▶ **Entries taken from a collection**
※
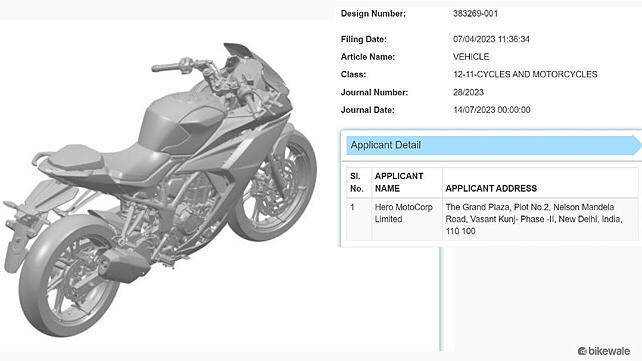 Hero Karizma XMR 210 Right Side View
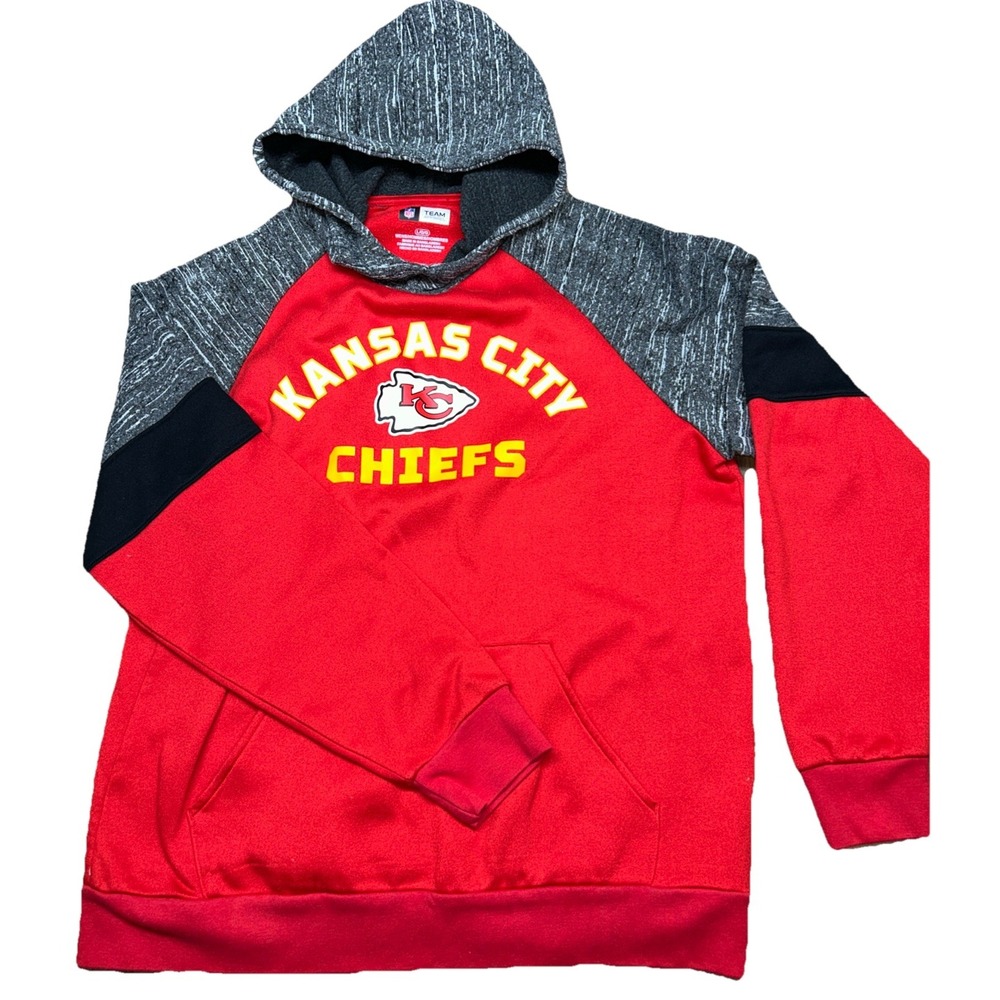 NFL Team Apparel Kansas City Chiefs‎ Hoodie, Men's Large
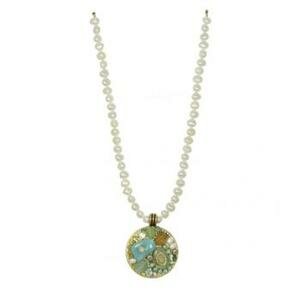 MICHAL GOLAN BLUE LAGOON CRYSTAL NECKLACE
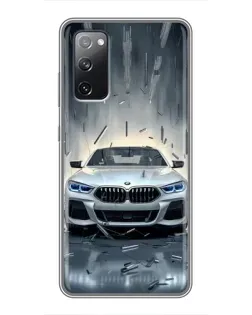 Чехол для Samsung Galaxy S20 FE с картинкой «BMW в свете фар»
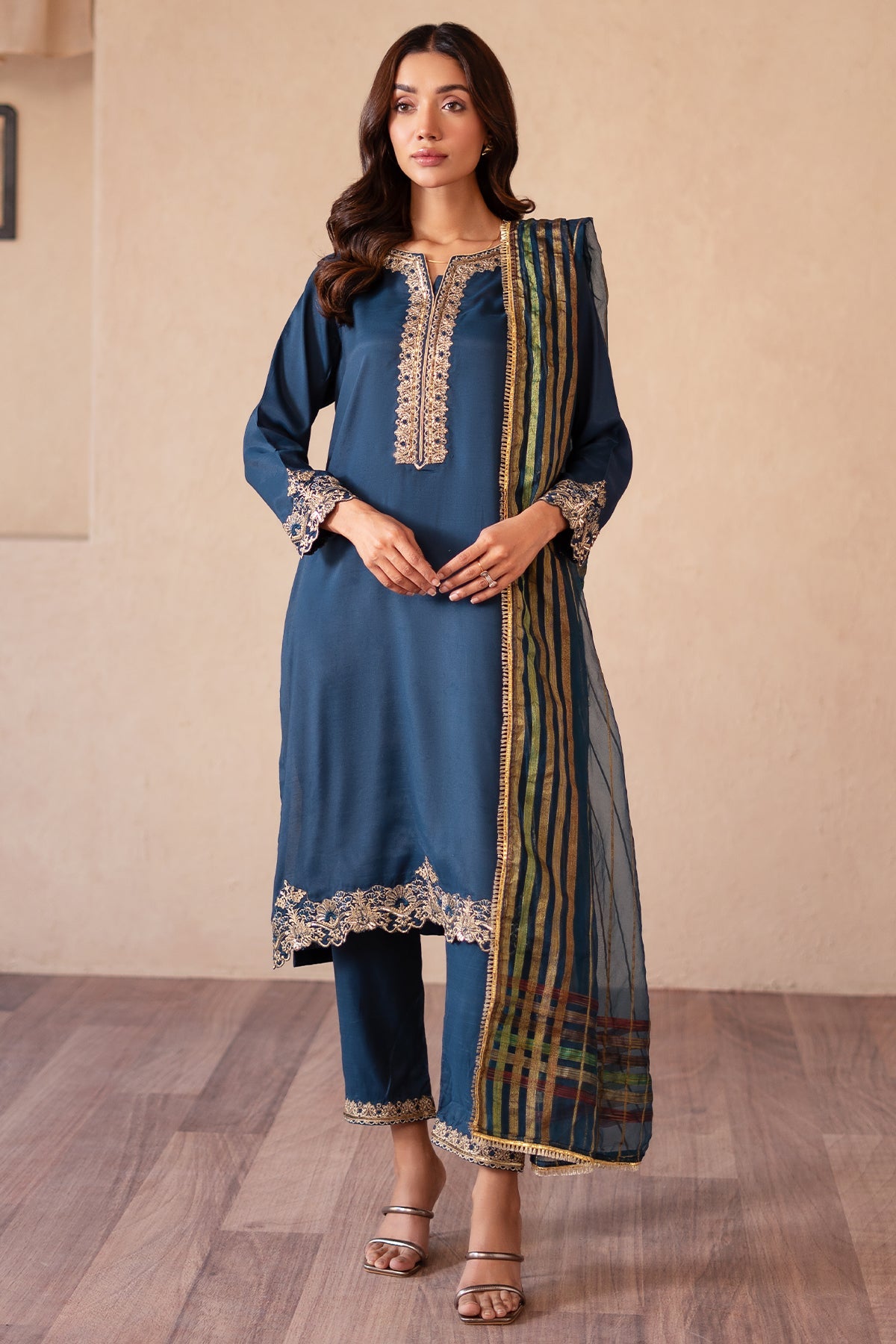 Charizma 3-PC Embroidered Lawn Suit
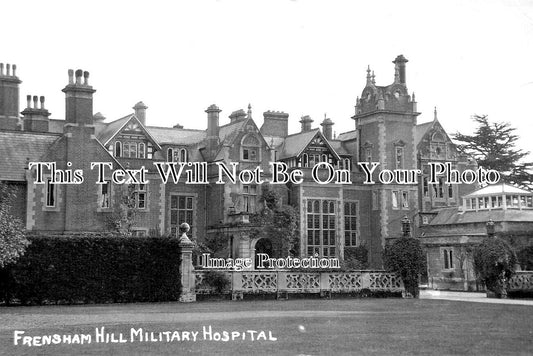 SU 2204 - Frensham Hill Military Hospital, Surrey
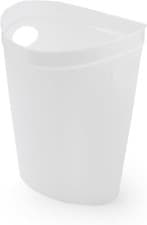 Image of Addis Oval Plastic Waste Paper Bin Flexi Multi 514806 White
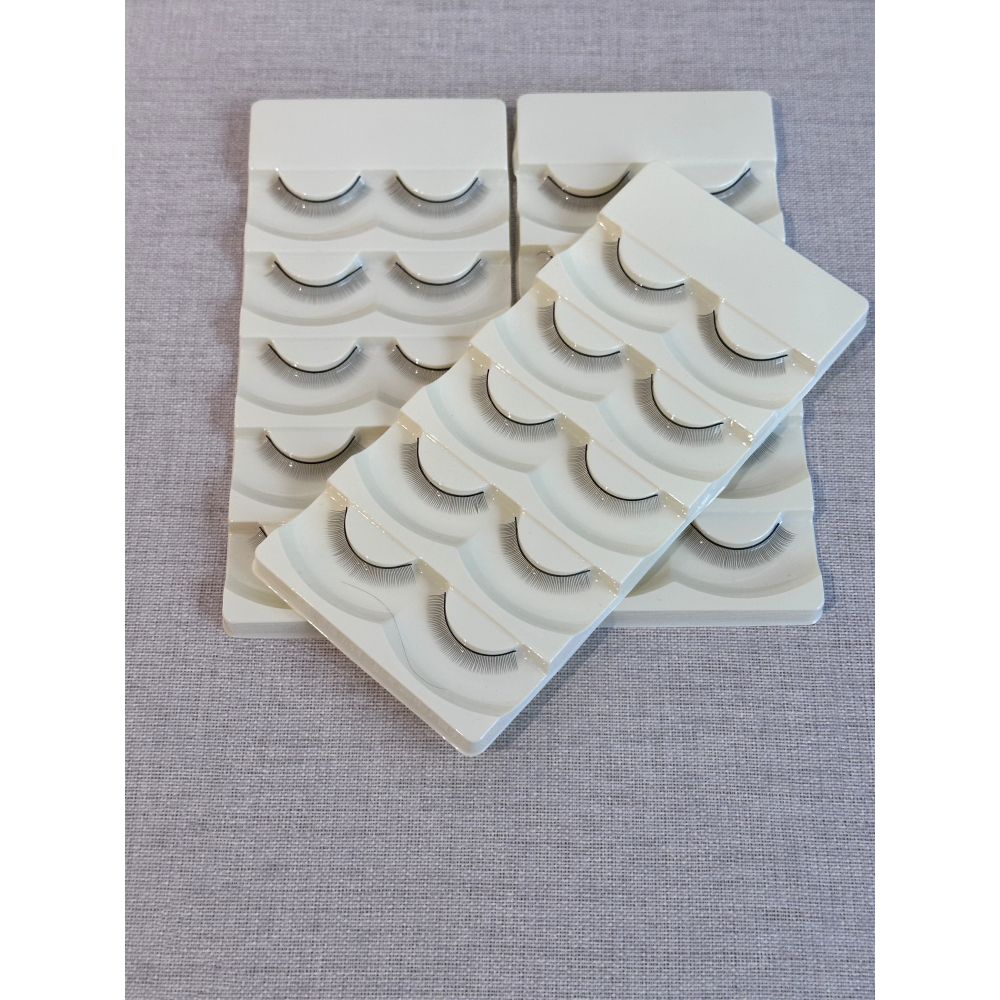 ‼️現貨‼️ 75根練習假睫毛 五對 嫁接 美睫 練習毛 練習用假睫毛 美睫檢定專用 根根分明 易撥毛 新手必備-細節圖6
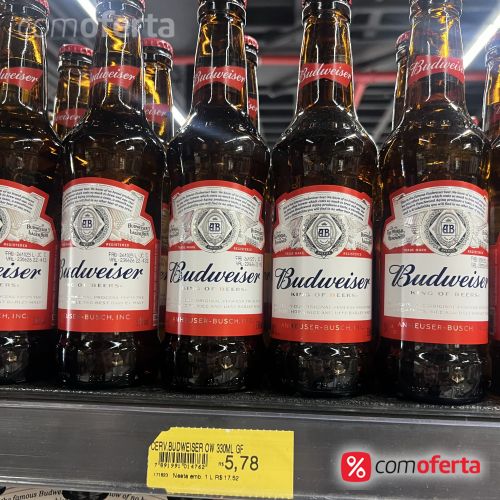 Cerveja Budweiser 330ml Long Neck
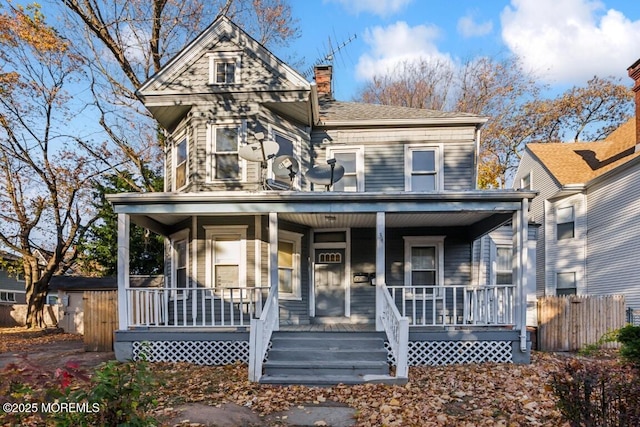 victorian home with a porch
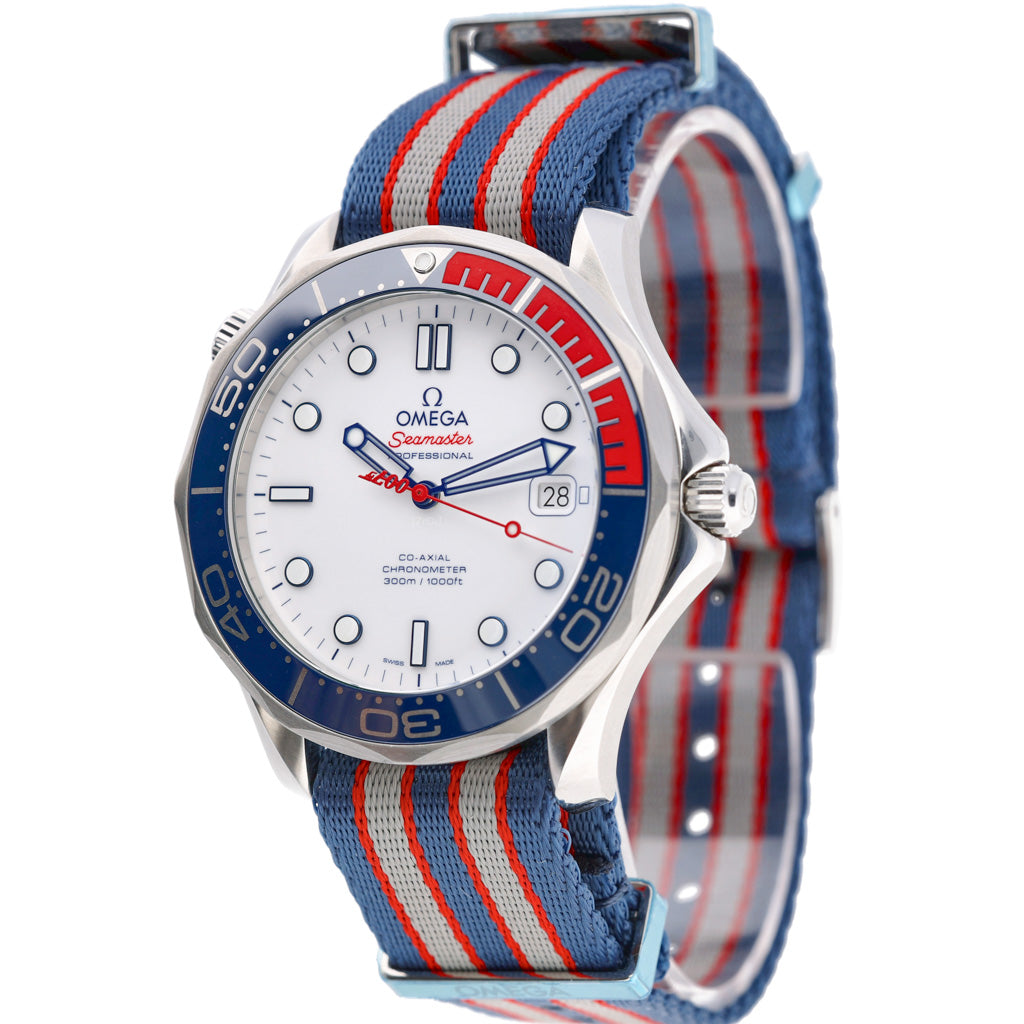 Omega Seamaster Diver 300 M 212.32.41.20.04.001 with white dial and steel case - product image 3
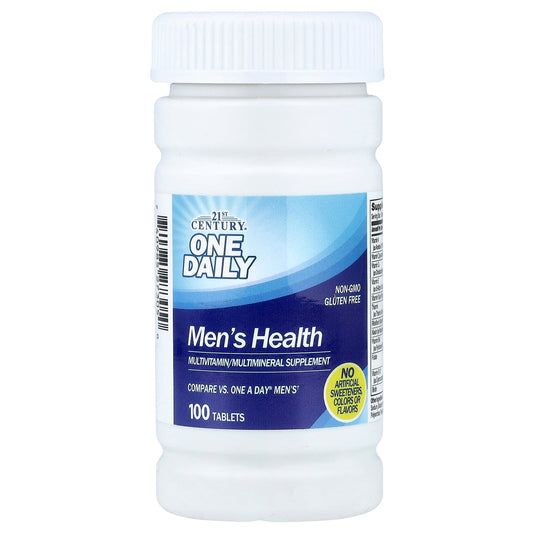 21st Century, One Daily, Men's Health, 100 Tablets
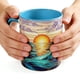 thumbnail image 5 of Taza de Café de Vidrio, Diseño Atardecer, Estilo Vitral, Taza de Té con Asa, Vajilla de Cerámica para Bebidas Calientes, Chocolate, 350ml para Uso en Hogar u Oficina, 5 of 9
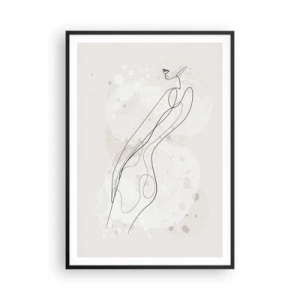 Poszter fehér keretben - Eltévedni nézésben - 70x100 cm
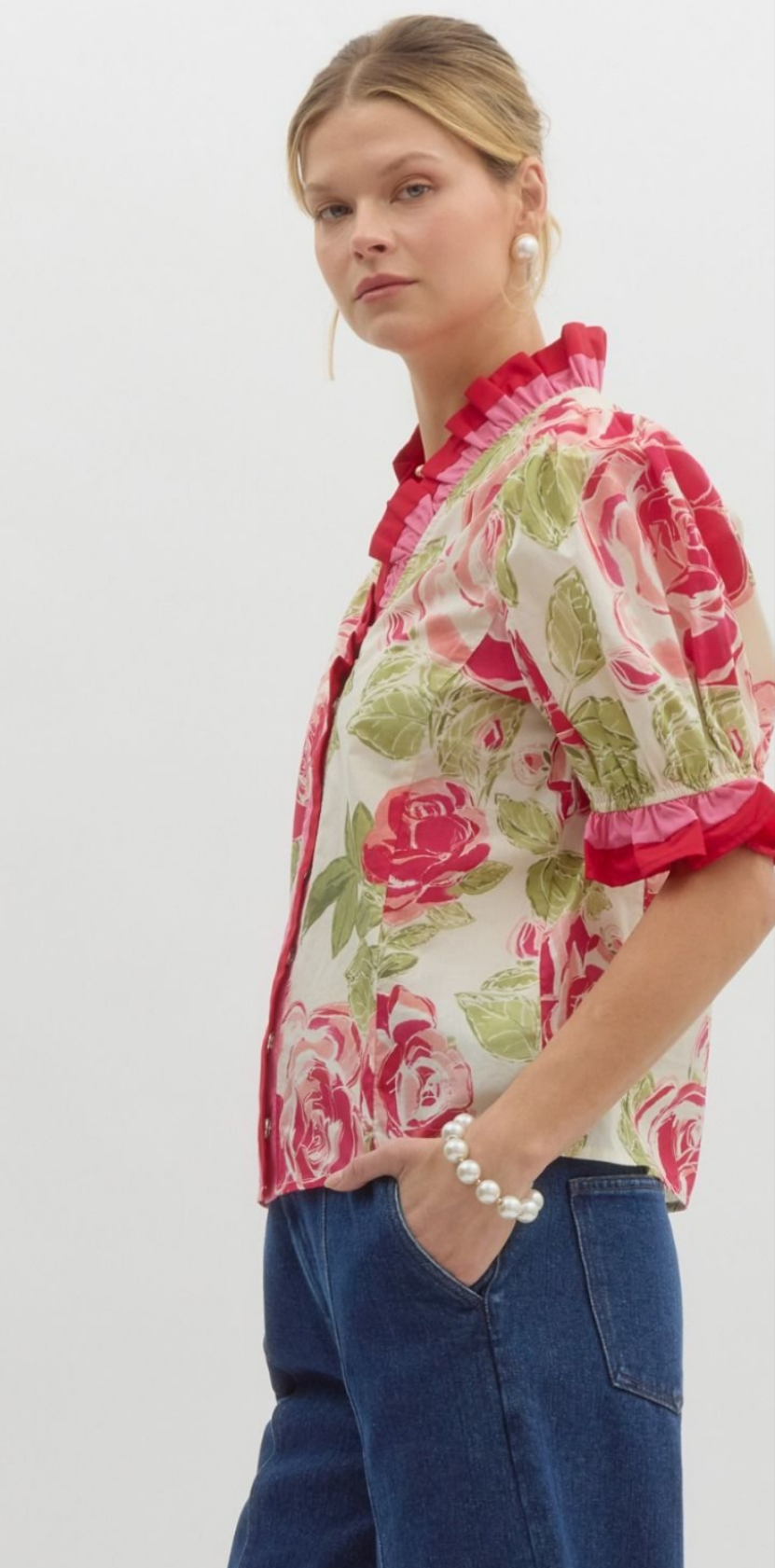 Floral Garden Blouse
※
▶ **Task directions**
Leaving out the pictures, print every record exactly as written.

▶ **Written answer**
 Hero Karizma XMR 210 Right Side View
 NFL Team Apparel Kansas City Chiefs‎ Hoodie, Men's Large
 MICHAL GOLAN BLUE LAGOON CRYSTAL NECKLACE
 Чехол для Samsung Galaxy S20 FE с картинкой «BMW в свете фар»
 Charizma 3-PC Embroidered Lawn Suit
 SU 2204 - Frensham Hill Military Hospital, Surrey
 Image of Addis Oval Plastic Waste Paper Bin Flexi Multi 514806 White
 ‼️現貨‼️ 75根練習假睫毛 五對 嫁接 美睫 練習毛 練習用假睫毛 美睫檢定專用 根根分明 易撥毛 新手必備-細節圖6
 Cerveja Budweiser 330ml Long Neck
 victorian home with a porch
 Omega Seamaster Diver 300 M 212.32.41.20.04.001 with white dial and steel case - product image 3
 21st Century, One Daily, Men's Health, 100 Tablets
 thumbnail image 5 of Taza de Café de Vidrio, Diseño Atardecer, Estilo Vitral, Taza de Té con Asa, Vajilla de Cerámica para Bebidas Calientes, Chocolate, 350ml para Uso en Hogar u Oficina, 5 of 9
 Poszter fehér keretben - Eltévedni nézésben - 70x100 cm
 Floral Garden Blouse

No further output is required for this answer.